:: YOUR GOAL ::
Transcribe every entry exactly; the images stay out.

Short text fragments from websites
+ + + + + + +

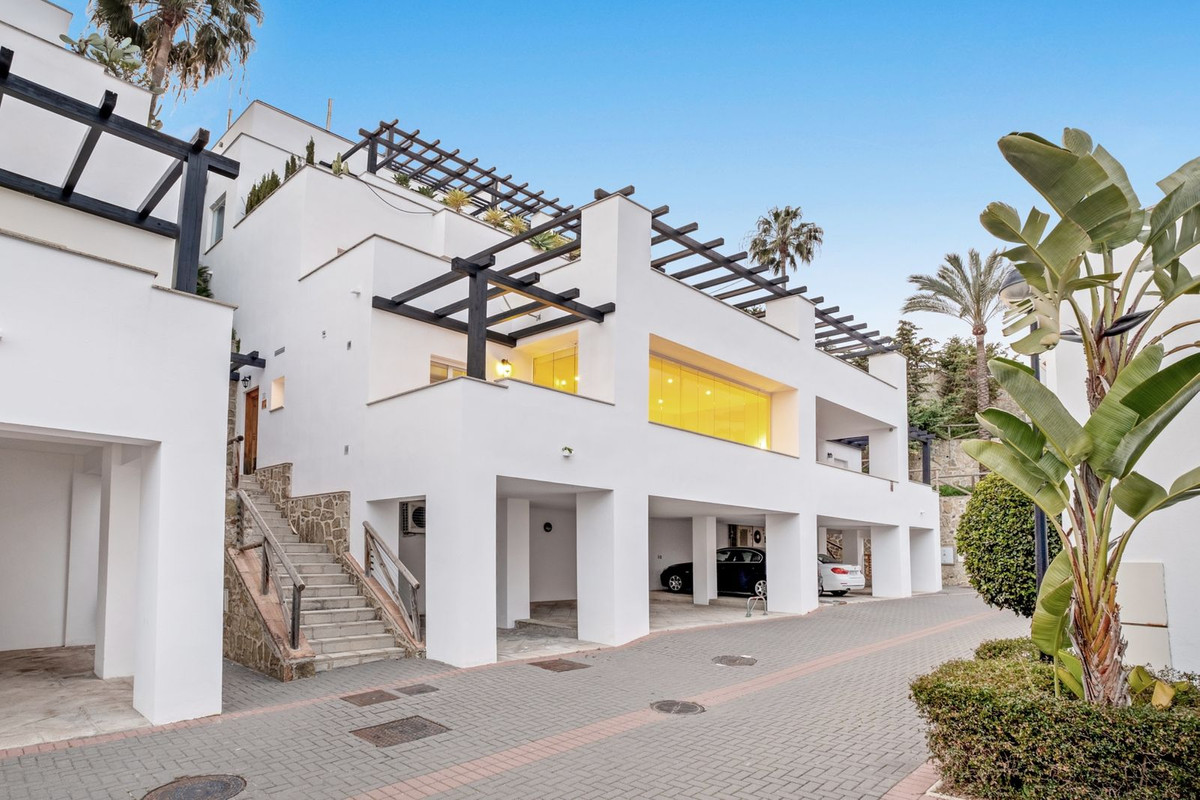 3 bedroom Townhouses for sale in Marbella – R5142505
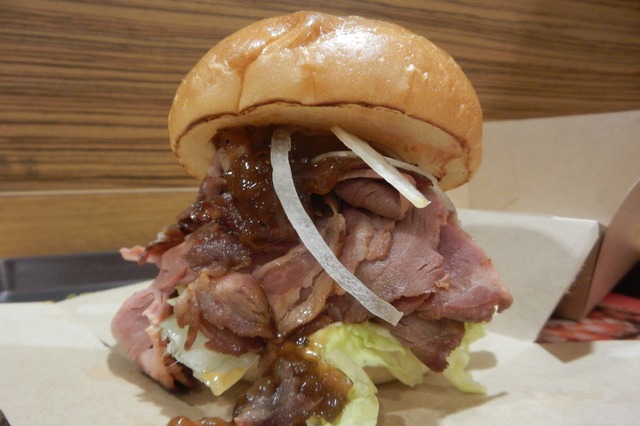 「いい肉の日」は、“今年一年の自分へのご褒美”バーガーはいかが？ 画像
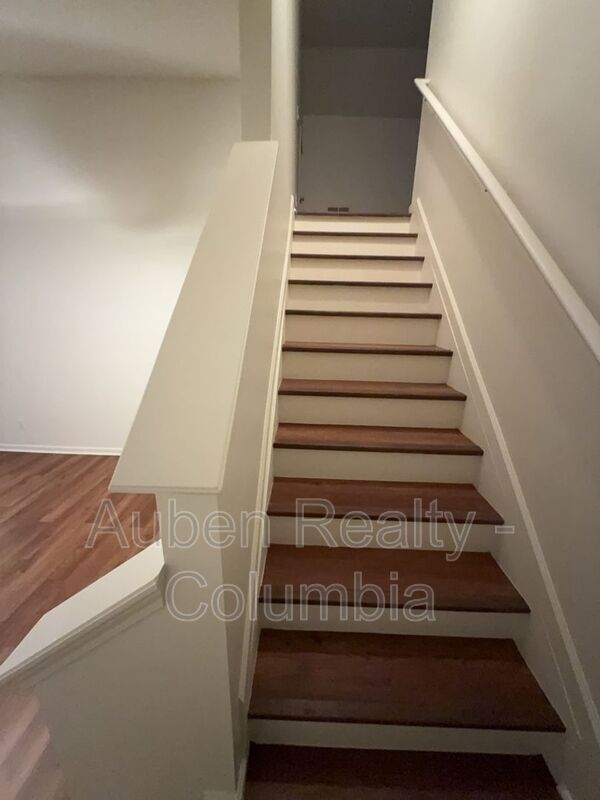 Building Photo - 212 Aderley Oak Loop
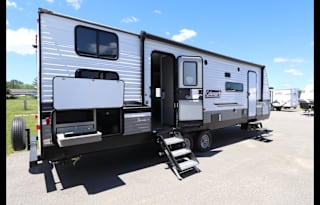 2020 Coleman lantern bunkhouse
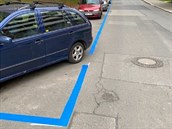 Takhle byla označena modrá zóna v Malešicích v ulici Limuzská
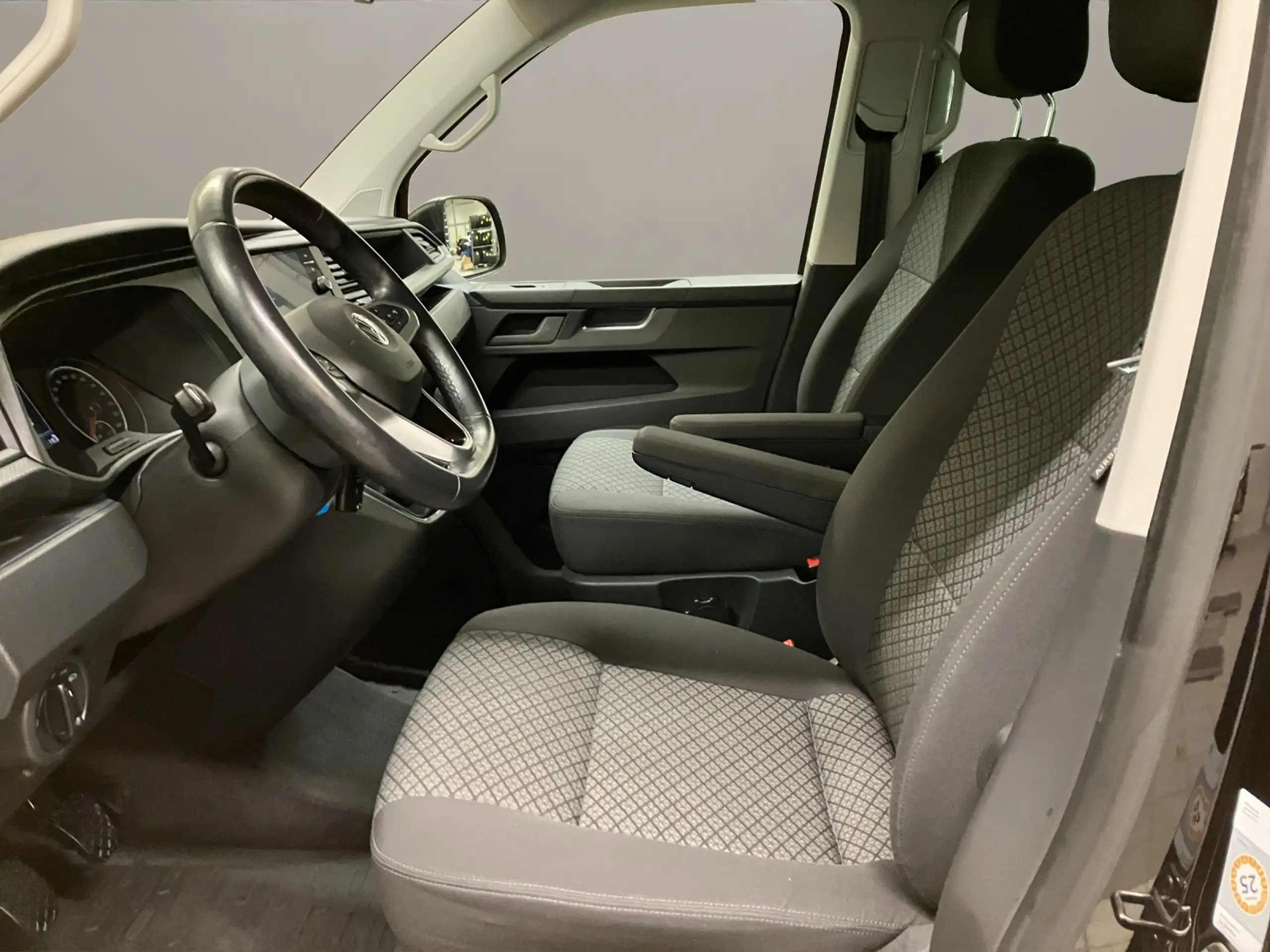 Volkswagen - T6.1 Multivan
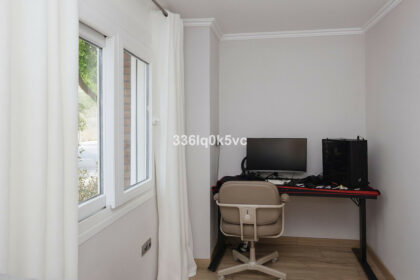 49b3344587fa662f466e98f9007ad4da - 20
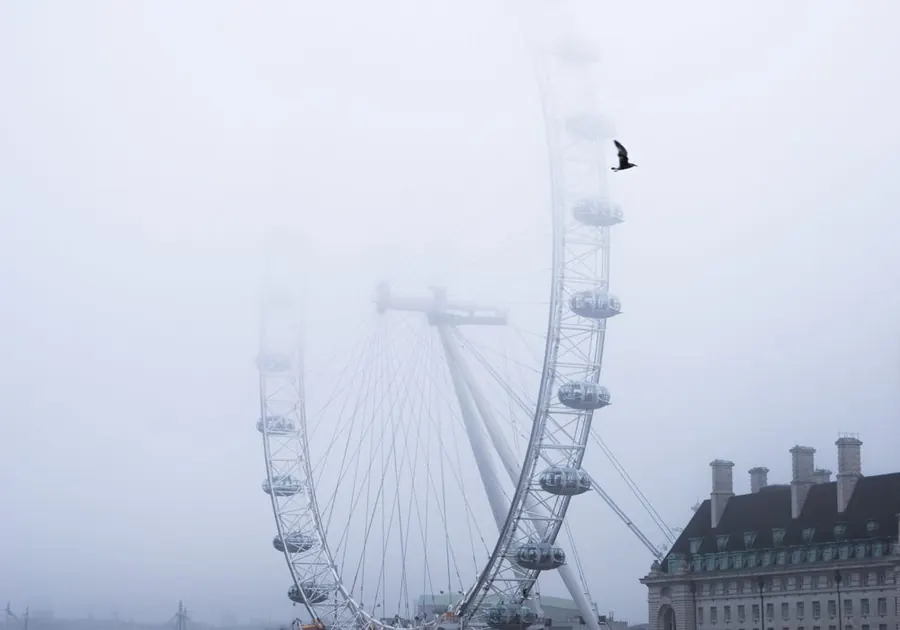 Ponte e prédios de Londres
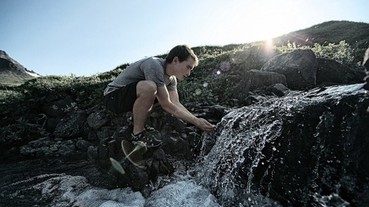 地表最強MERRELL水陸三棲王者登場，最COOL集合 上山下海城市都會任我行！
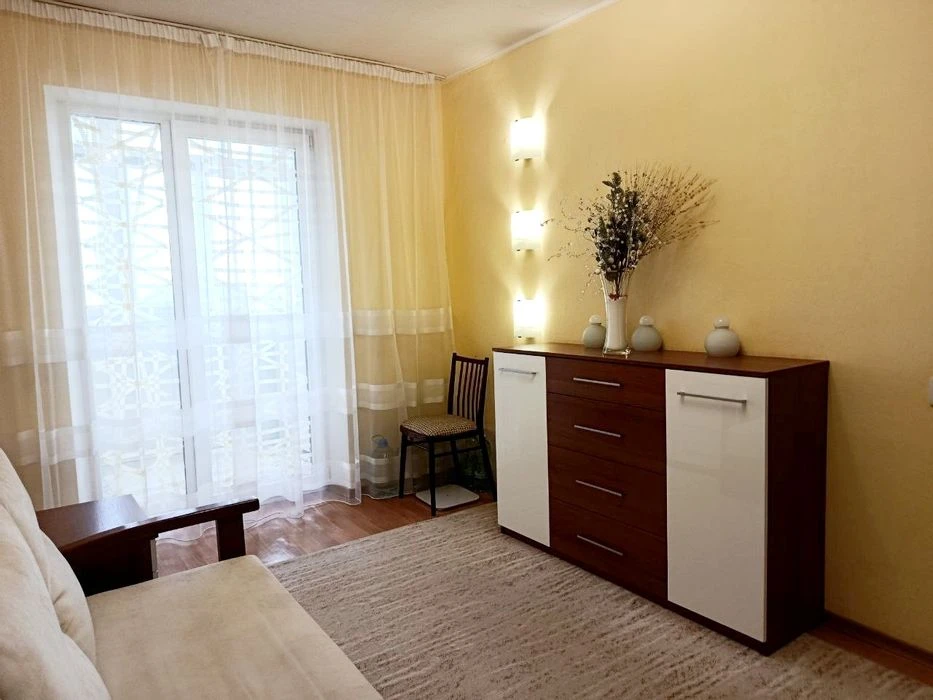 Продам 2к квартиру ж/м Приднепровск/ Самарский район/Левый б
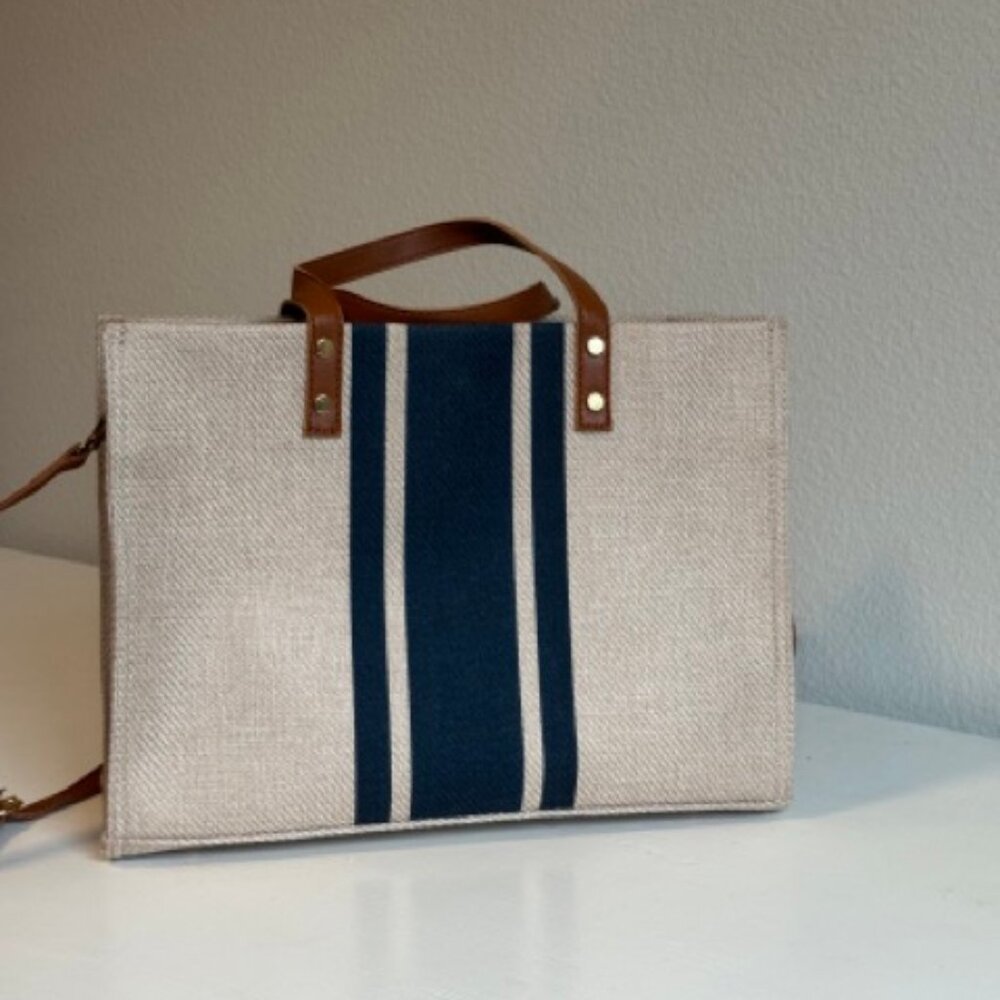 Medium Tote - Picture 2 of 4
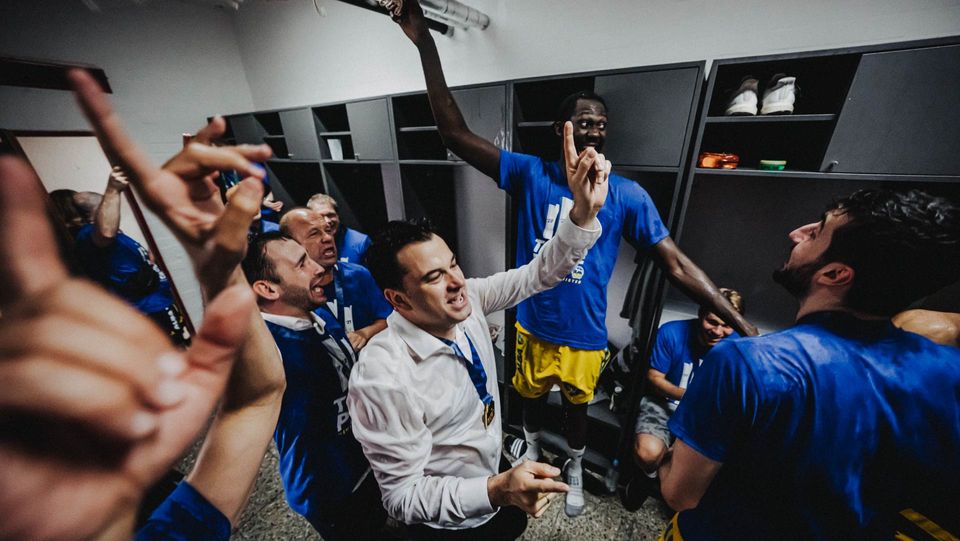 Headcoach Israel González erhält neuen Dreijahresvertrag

+ + + + + + +

:: OUTPUT OF THE EXERCISE ::
 3 bedroom Townhouses for sale in Marbella – R5142505
 「いい肉の日」は、“今年一年の自分へのご褒美”バーガーはいかが？ 画像
 Building Photo - 212 Aderley Oak Loop
 2020 Coleman lantern bunkhouse
 Takhle byla označena modrá zóna v Malešicích v ulici Limuzská
 Volkswagen - T6.1 Multivan
 49b3344587fa662f466e98f9007ad4da - 20
 Ponte e prédios de Londres
 地表最強MERRELL水陸三棲王者登場，最COOL集合 上山下海城市都會任我行！
 Продам 2к квартиру ж/м Приднепровск/ Самарский район/Левый б
 Medium Tote - Picture 2 of 4
 Headcoach Israel González erhält neuen Dreijahresvertrag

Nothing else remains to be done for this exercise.